> There are also a lot of arrogant American engineers need to justify their inflated salaries compared to Indians, Eastern Europeans and other offshore workers. With the rise of remote work, we should hopefully see those inflated remote salaries settle to the international norm.
As much as I support remote work, what you suggests is not the norm. Mainly because companies hire much more employees than contractors. Companies cannot just hire employees from dozens of different countries (unless they have branches on such countries or they hire an intermediary company to handle the taxes/health insurance stuff). Companies cannot just hire people who are +-6h away from their timezone.
Companies usually hire remote employees within the country they operate. Which is nice because you can live in a modest town around the nature and work for companies who have originally emerged in the capital.
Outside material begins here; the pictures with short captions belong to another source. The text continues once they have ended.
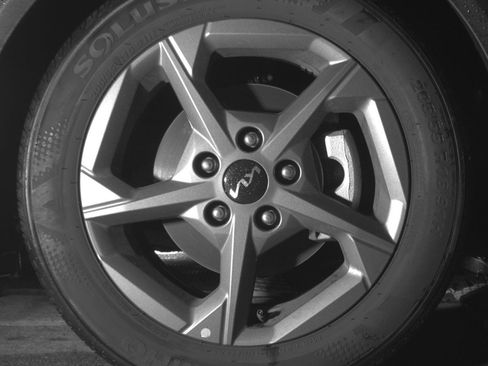 Used 2025 Kia K4 LXS image 13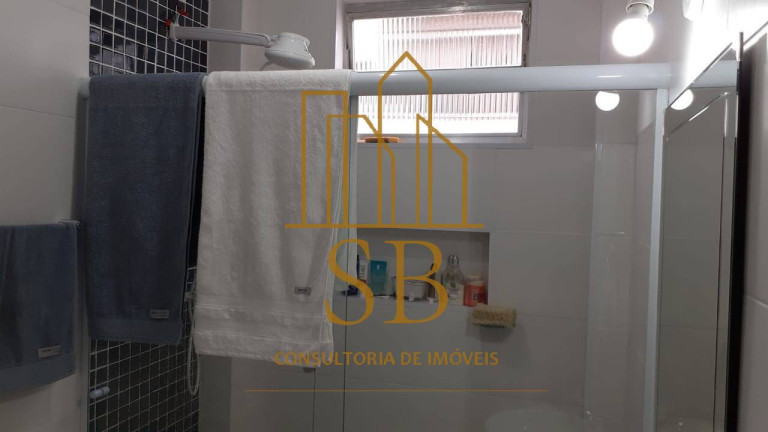 Imagem Apartamento com 2 Quartos à Venda, 85 m² em Itararé - São Vicente Imagem Apartamento com 2 Quartos à Venda, 85 m² em Itararé - São Vicente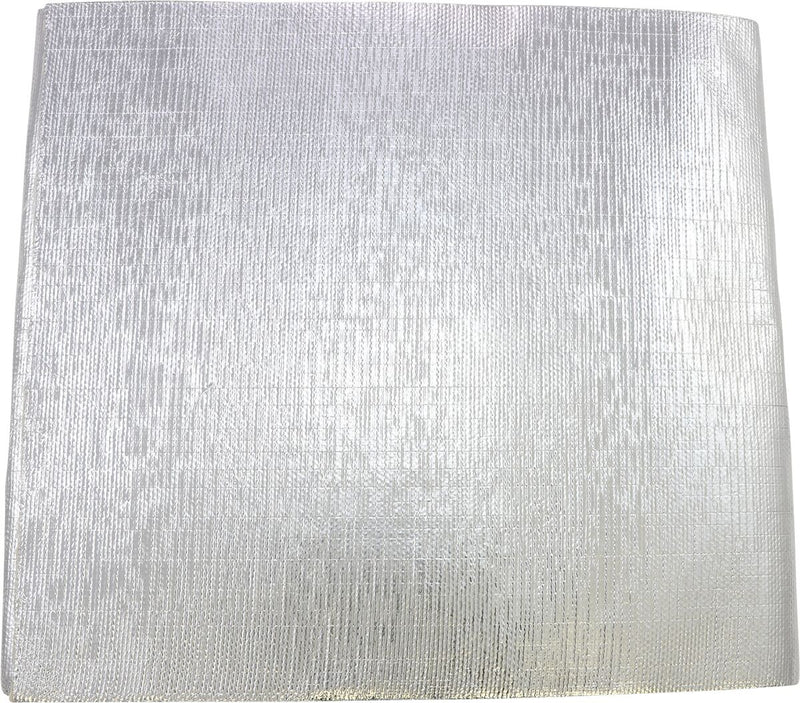 Heat Tile Silver - 102 CM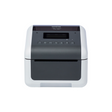 Brother TD-4455DNWB Professionel etiketprinter Wi-Fi Bluetooth – Etiketprintere (billede 1)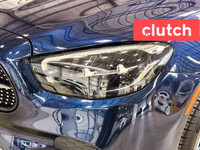NO ACCIDENTS / CLEAN CARFAX / Auto Dimming Rearview Mirror, Front Heated Seats, Driver Seat Memory S... (image 6)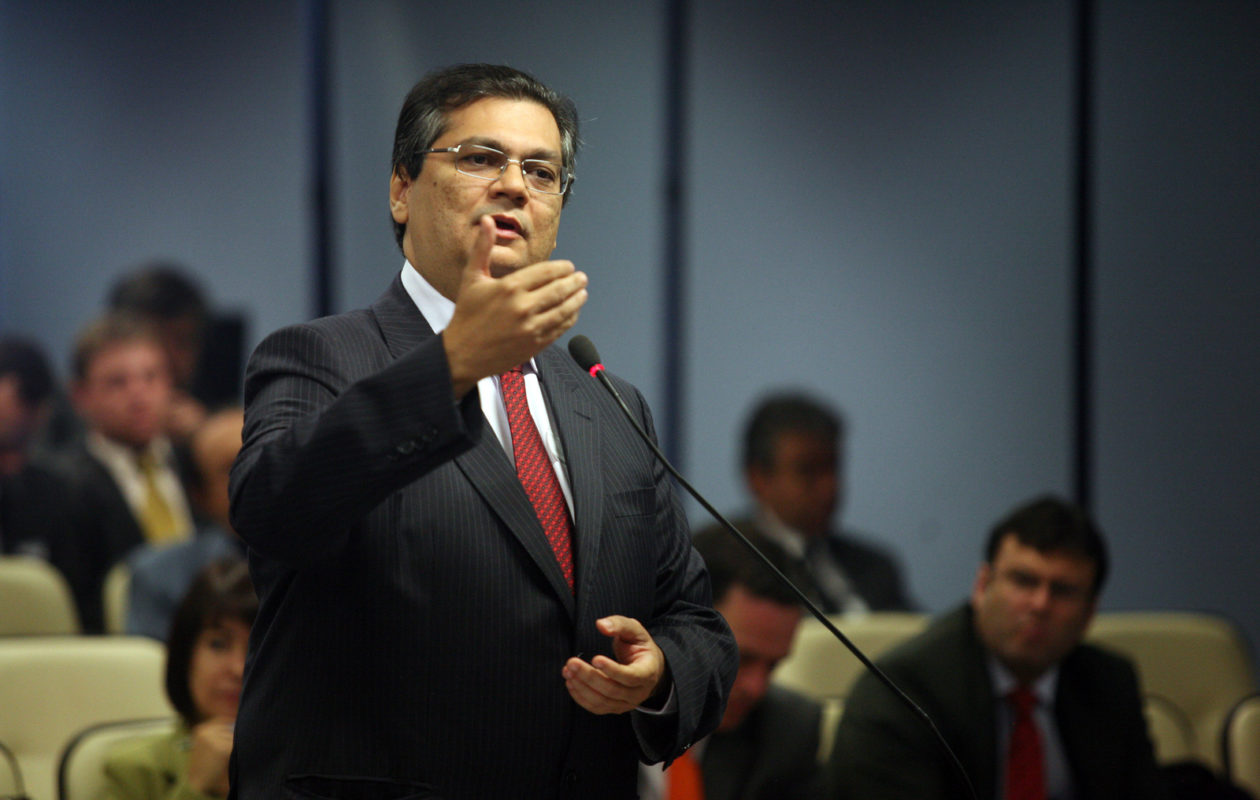 MPE opina pela desaprovação das contas de campanha de Flávio Dino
"unless they have branches on such countries or they hire an intermediary company to handle the taxes/health insurance stuff" is a big caveat - for any non-tiny company it's not a big deal to hire an intermediary company, such companies are readily available and the overhead is small compared to the salary differential; it's not a serious obstacle because you can simply buy a solution to that.
But that's not the case for time zones, of course.
As much as I support remote work, what you suggests is not the norm. Mainly because companies hire much more employees than contractors. Companies cannot just hire employees from dozens of different countries (unless they have branches on such countries or they hire an intermediary company to handle the taxes/health insurance stuff). Companies cannot just hire people who are +-6h away from their timezone.
Companies usually hire remote employees within the country they operate. Which is nice because you can live in a modest town around the nature and work for companies who have originally emerged in the capital.